• WORK REQUEST: Repeat all the data exactly, and where a record holds a picture, leave that picture out.

(Saved data entries)

────────────────────

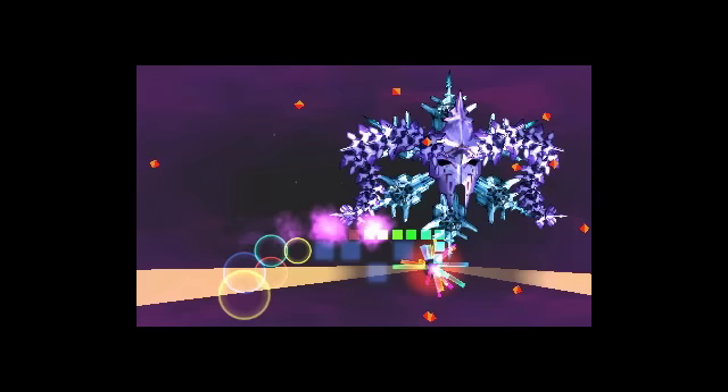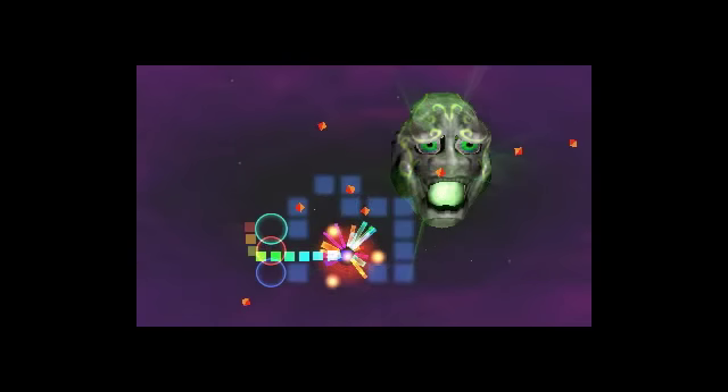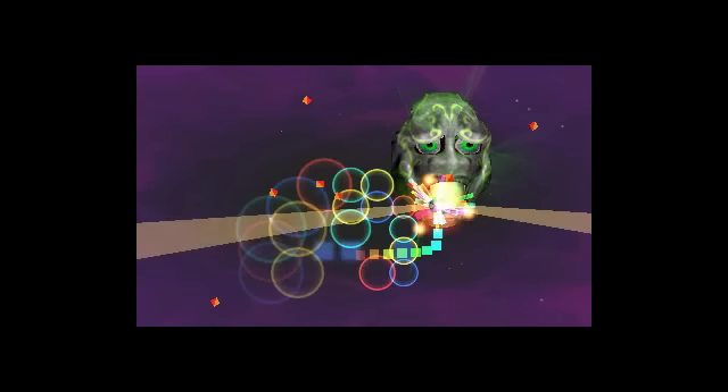Hey guys, David here from Nintendo3dsblog.com. As you can see here, there are some new screenshots and video for Dream Trigger 3D on the Nintendo 3DS. This game doesn't look like a whole lot on the surface — it's not the nicest looking thing on the platform — but everyone who has spent time with the game has said it's actually pretty good. It's just like a really frantic and crazy shooter, sort of similar to a 3D Geometry Wars.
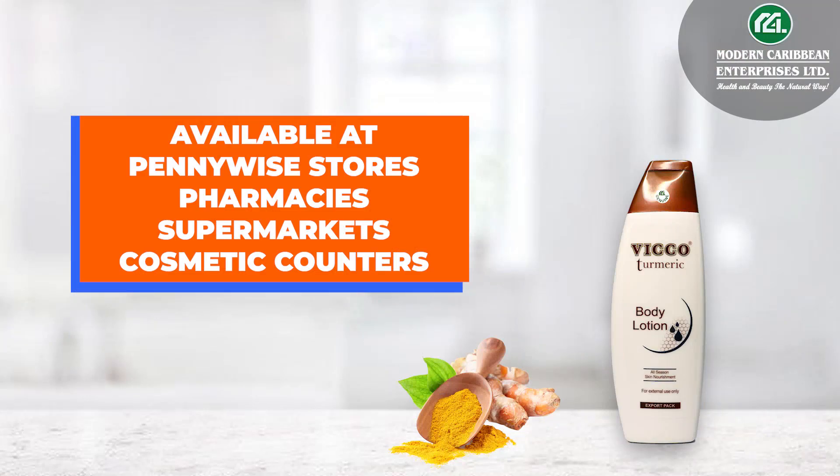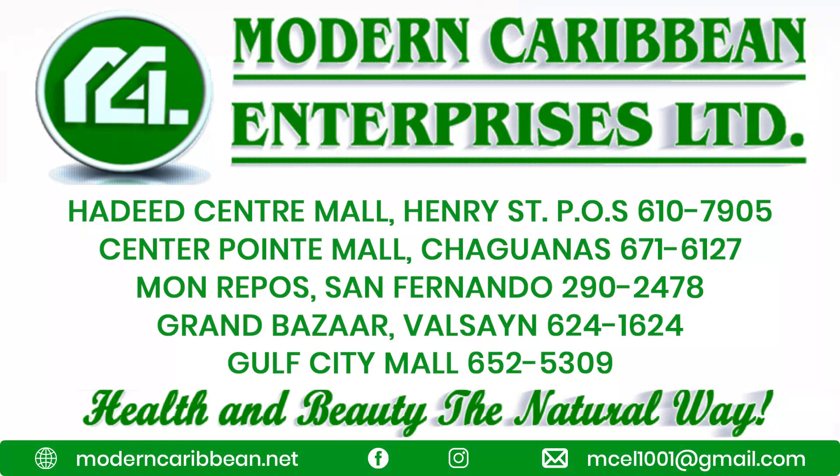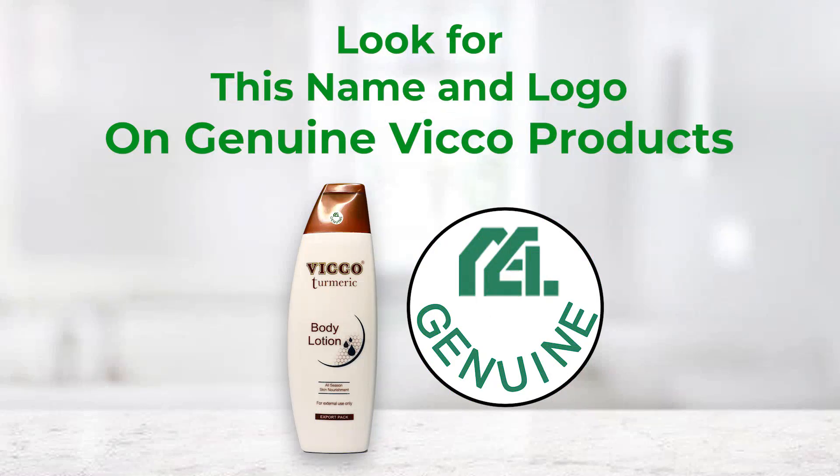Available at Pennywise stores, pharmacies, supermarkets, cosmetic counters, agents — Modern Caribbean Enterprises Limited. Be sure to look for the Export Pack and Modern Caribbean's logo on genuine Vico products.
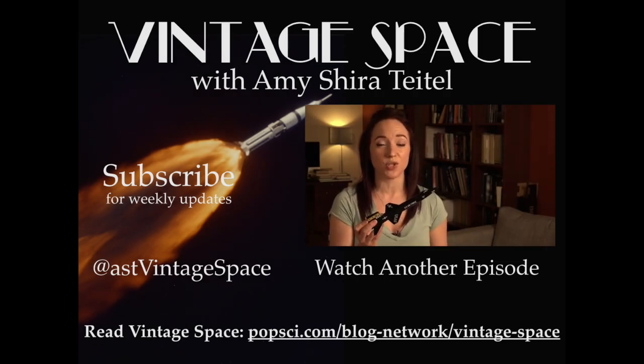For old-timey space content every single day of the week, follow me on Twitter as ASTVintageSpace. And with episodes going up every Tuesday and Friday, be sure to subscribe right here so you never miss an episode.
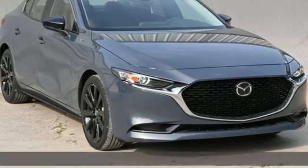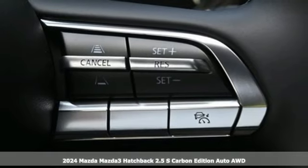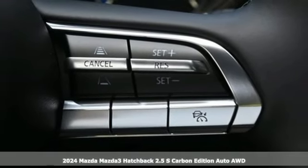Here's a new 2024 Mazda 3 hatchback. For all the things that drive you, there's Mazda. And it comes with all the amenities you need.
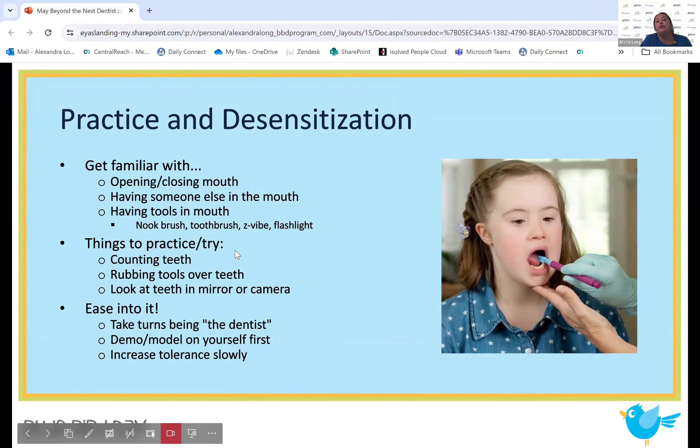We want to get familiar with opening and closing the mouth, having someone else in the mouth controlling things, controlling movements, as well as having tools in the mouth. At home, you can use nook brushes — kind of like an oral motor teether — different teethers, toothbrush, Z-Vibe. We had one little boy at Wheaton who really liked looking in other people's mouths with a flashlight. Things you want to practice are counting the different teeth — have the kid open their mouth and move the tool over the different teeth — or simply opening and closing the mouth. You can also start desensitizing the teeth to tools, especially tools controlled by someone else, rubbing them around the teeth, gums, lips, etc.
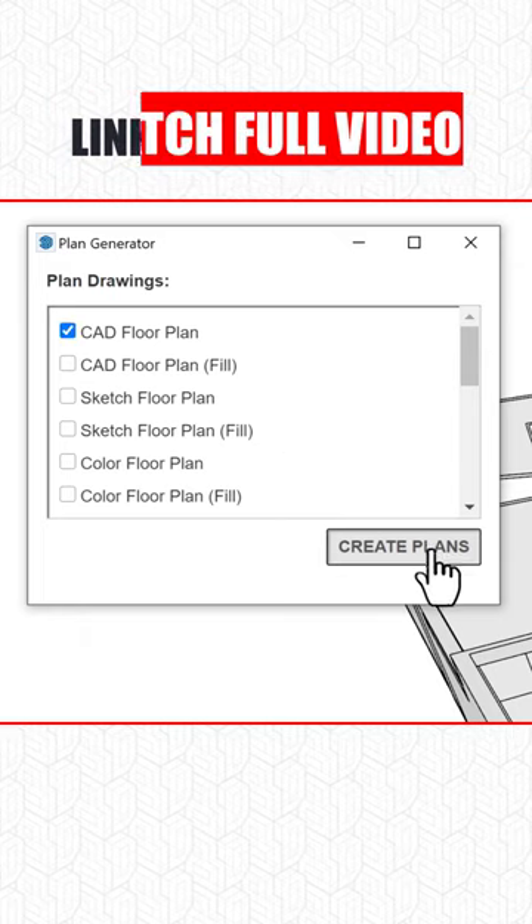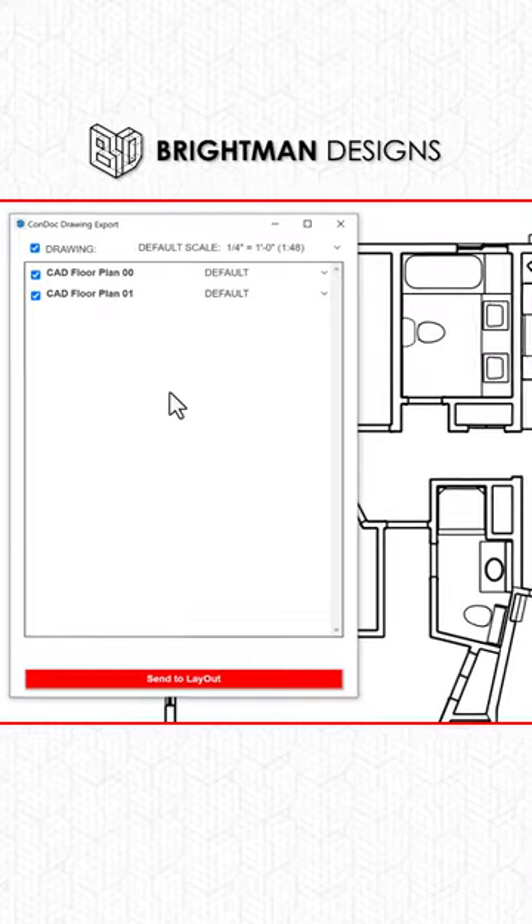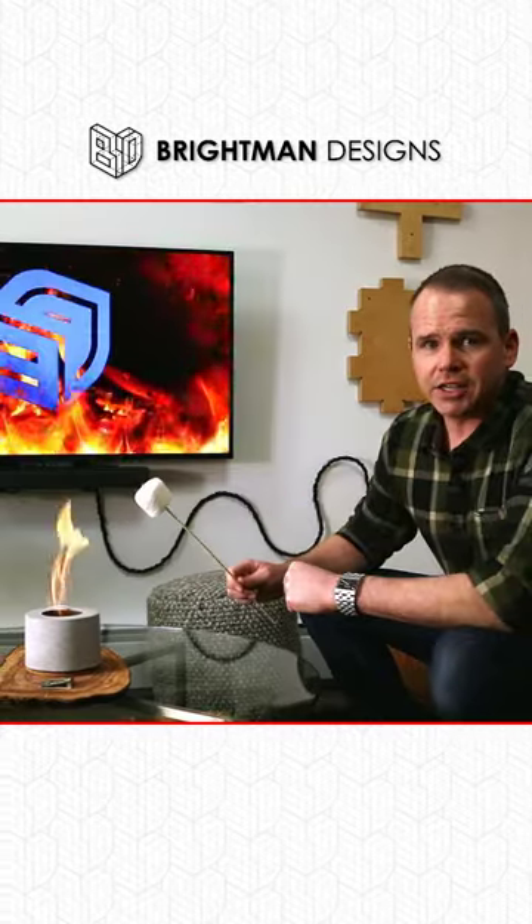I then use the CondocTools plan generator to automate scenes and send them to layout as scaled architectural drawings. That's how you kick off a project.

────────────────────

• RESULT OF THE EXERCISE:
Hey guys, David here from Nintendo3dsblog.com. As you can see here, there are some new screenshots and video for Dream Trigger 3D on the Nintendo 3DS. This game doesn't look like a whole lot on the surface — it's not the nicest looking thing on the platform — but everyone who has spent time with the game has said it's actually pretty good. It's just like a really frantic and crazy shooter, sort of similar to a 3D Geometry Wars.
Available at Pennywise stores, pharmacies, supermarkets, cosmetic counters, agents — Modern Caribbean Enterprises Limited. Be sure to look for the Export Pack and Modern Caribbean's logo on genuine Vico products.
For old-timey space content every single day of the week, follow me on Twitter as ASTVintageSpace. And with episodes going up every Tuesday and Friday, be sure to subscribe right here so you never miss an episode.
Here's a new 2024 Mazda 3 hatchback. For all the things that drive you, there's Mazda. And it comes with all the amenities you need.
We want to get familiar with opening and closing the mouth, having someone else in the mouth controlling things, controlling movements, as well as having tools in the mouth. At home, you can use nook brushes — kind of like an oral motor teether — different teethers, toothbrush, Z-Vibe. We had one little boy at Wheaton who really liked looking in other people's mouths with a flashlight. Things you want to practice are counting the different teeth — have the kid open their mouth and move the tool over the different teeth — or simply opening and closing the mouth. You can also start desensitizing the teeth to tools, especially tools controlled by someone else, rubbing them around the teeth, gums, lips, etc.
I then use the CondocTools plan generator to automate scenes and send them to layout as scaled architectural drawings. That's how you kick off a project.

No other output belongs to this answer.